37. Somut olayda ayrıntıları ''Olay ve Olgular'' kısmında açıklandığı üzere (bkz. §§ 5-22) özet olarak başvurucular, süresinde verdiklerini iddia ettikleri dilekçe ile açmış oldukları dava hakkında ilgili mahkemenin dilekçelerini yetkili idare mahkemesine geç göndermesi nedeniyle süre aşımı kararının verilmesinin hizmet kusurundan kaynaklandığını öne sürerek dava açmıştır. Yukarıda değinilen ilkeler çerçevesinde başvurucuların baştan itibaren ileri sürdükleri iddialarına bakıldığında 7. İdare Mahkemesi davayı her ne kadar kabul etse de bu kararı kaldıran Dava Dairesi kararında başvurucuların iddialarına ilişkin olarak yeterli bir değerlendirmede bulunulduğu tespit edilmiştir. Derece mahkemesinden farklı olarak Dava Dairesi, başvurucuların bir kesinlik üzerine hareket etmediği ve varsayımlar üzerine iddialarını ileri sürdükleri değerlendirmesinde bulunduğunu kabul etmiştir. Dava Dairesine göre idarenin zarardan sorumlu tutulabilmesi için idari eylem nedeniyle meydana gelen zararın gerçekleşmiş olması ya da gerçekleşeceğinin kesin olması gerekmekte olup, gerçekleşmesi olası bulunan zararlar idarenin tazmin sorumluluğunu doğurmayacaktır. Dava Dairesine göre şayet dava, süresi içerisinde açılmış olsaydı başvurucuların lehlerine de emsal davada olduğu gibi tazminata hükmedileceği sonucuna ulaşılmasına hukuksal olarak olanak bulunmamaktadır. Bu tespitler sonrasında Dava Dairesine göre, tazminata hükmedilebilmesi için ortada gerçekleşen veya gerçekleşmesi kesin olan bir zararın bulunması şart olup somut olayda bu nitelikleri taşımayan talep söz konusudur. Buna rağmen 7. İdare Mahkemesinin davanın kısmen kabulüne dair verdiği karar bu nedenlerle hukuka aykırıdır.

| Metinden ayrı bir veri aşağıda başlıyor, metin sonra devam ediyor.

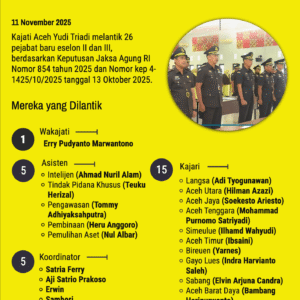 Infografis Daftar 26 Pejabat Baru Kejati Aceh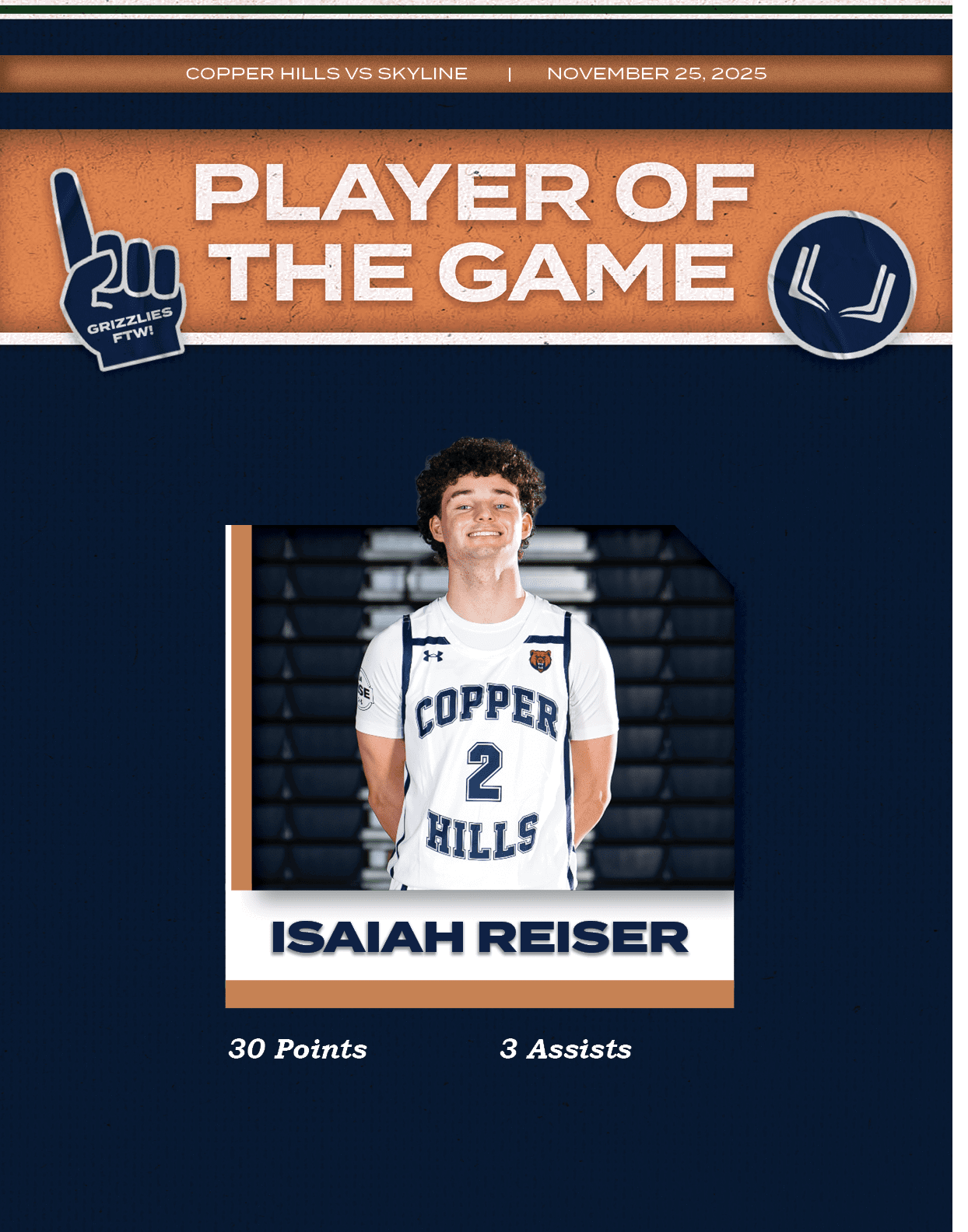 3 Assists,30 Points ,Isaiah Reiser ,COPPER HILLS VS SKYLINE | NOVEMBER 25, 202
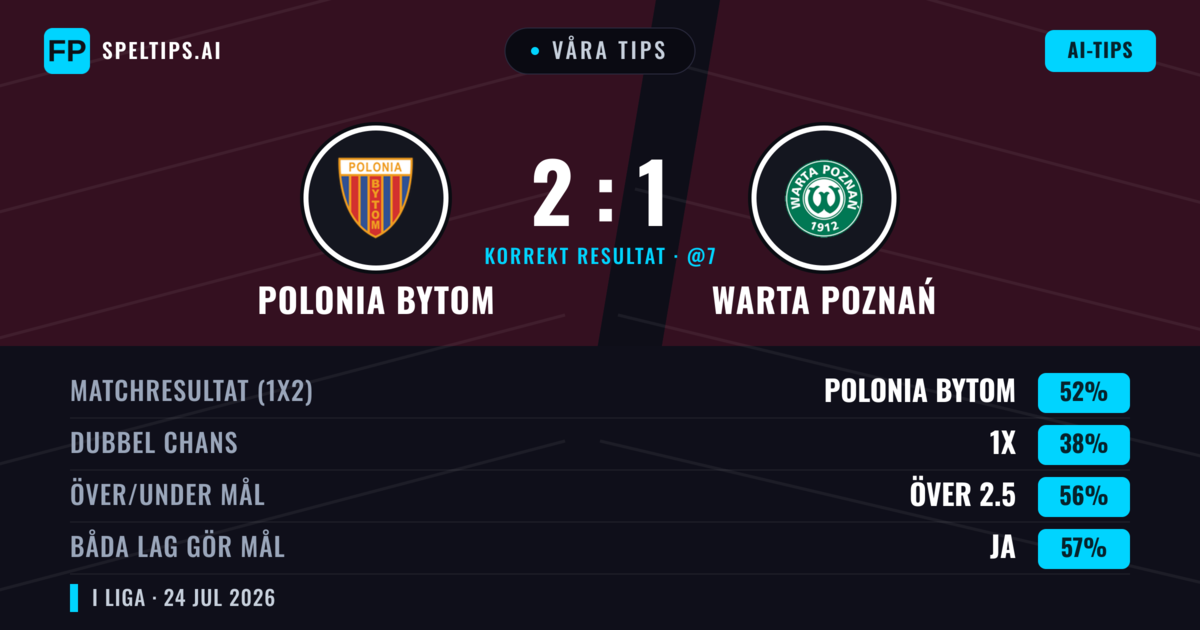 Våra tips: Polonia Bytom mot Warta Poznań — Polonia Bytom — Vinst (51%); Över 2.5; Båda gör mål: Ja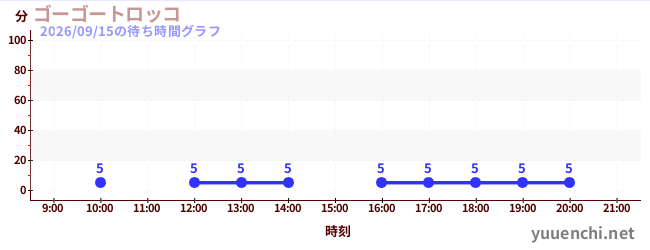 1日前の待ち時間グラフ（ゴーゴートロッコ)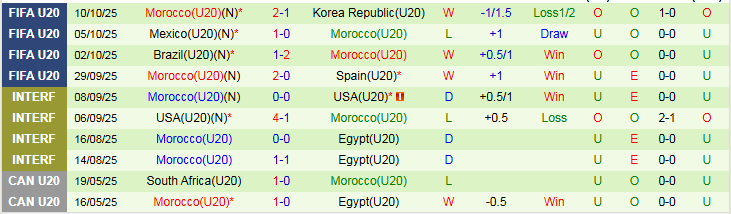 Nhận định, Soi kèo U20 Mỹ vs U20 Morocco 3h00 ngày 13/10: Đôi công hấp dẫn - Ảnh 3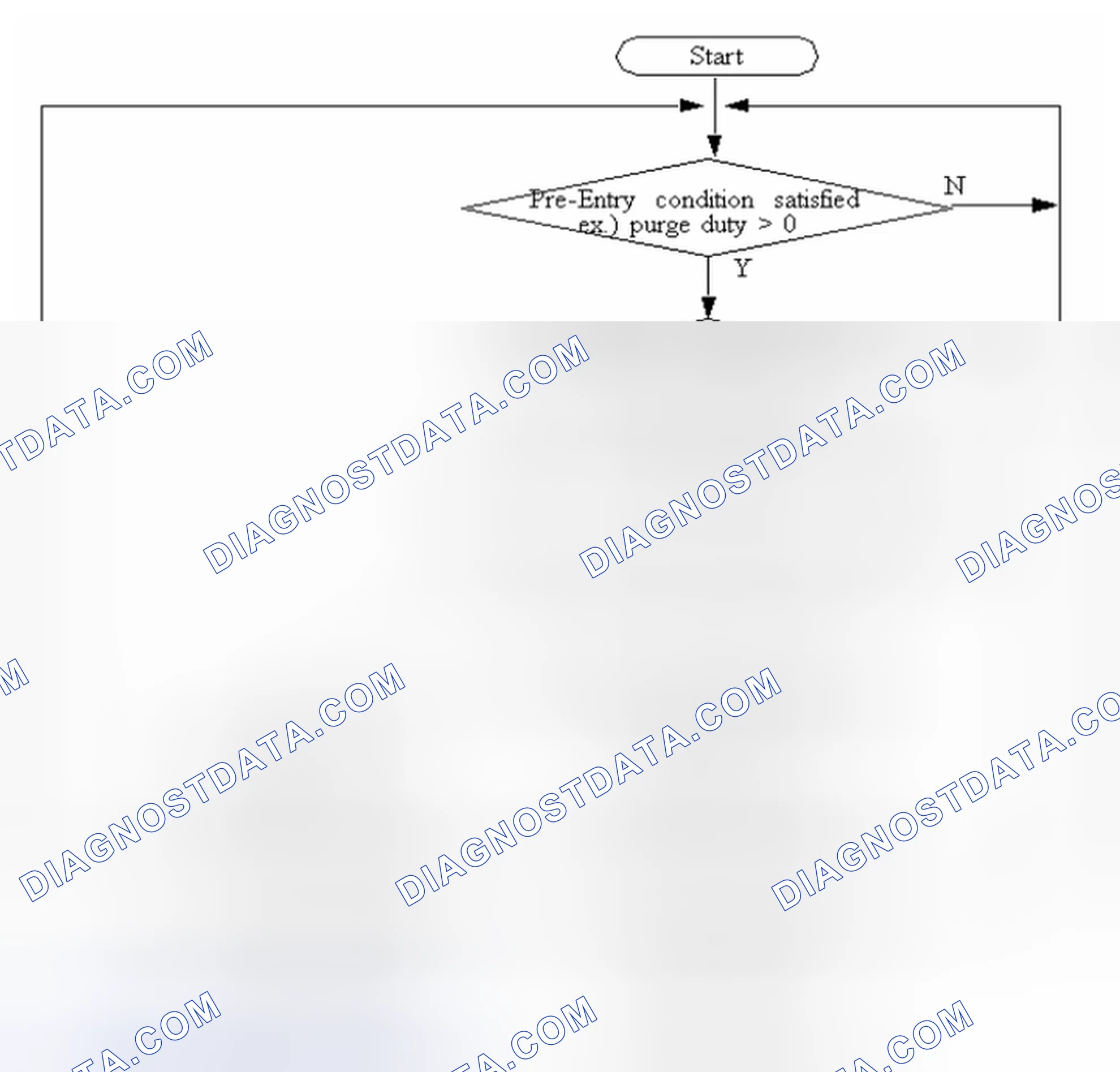 Scheme 47: 4.3.6 Purge Flow Strategy Flowchart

38. Başvuruya konu olayda başvurucunun ileri sürdüğü iddiaya ilişkin olarak Dava Dairesi tarafından yapılan bu değerlendirmelere bakıldığında gerekçede, uygulanması gerekli olan mevzuat hükmü ile somut olayın olgusal temelleri ayrıntılı şekilde incelenmiş ve tartışılmıştır.
39. Bunun yanında başvurucu, verilen kararın içtihatlara aykırı olduğunu ileri sürmüşse bu iddiasına dayanak olarak yargısal mercilerin benzer iddialar karşısında baştan itibaren istikrar ve süreklilik kazanmış yargısal uygulama örneklerini sunabilmiş değildir.
40. Başvurucu tarafından ileri sürülen iddialar, derece mahkemesince delillerin değerlendirilmesi ve hukuk kurallarının yorumlanmasına ilişkin olup Dava Dairesi kararında bariz takdir hatası veya açık bir keyfîlik oluşturan bir durumun da bulunmadığı dikkate alındığında ihlal iddialarının kanun yolu şikâyeti niteliğinde olduğu anlaşılmıştır.
41. Açıklanan nedenlerle başvurunun diğer kabul edilebilirlik koşulları yönünden incelenmeksizin açıkça dayanaktan yoksun olması nedeniyle kabul edilemez olduğuna karar verilmesi gerekir.
V. HÜKÜM
Açıklanan gerekçelerle;
A. Hakkaniyete uygun yargılanma hakkının ihlal edildiğine ilişkin iddianın açıkça dayanaktan yoksun olması nedeniyle KABUL EDİLEMEZ OLDUĞUNA,
B. Yargılama giderlerinin başvurucular üzerinde BIRAKILMASINA 19/10/2022 tarihinde OYBİRLİĞİYLE karar verildi.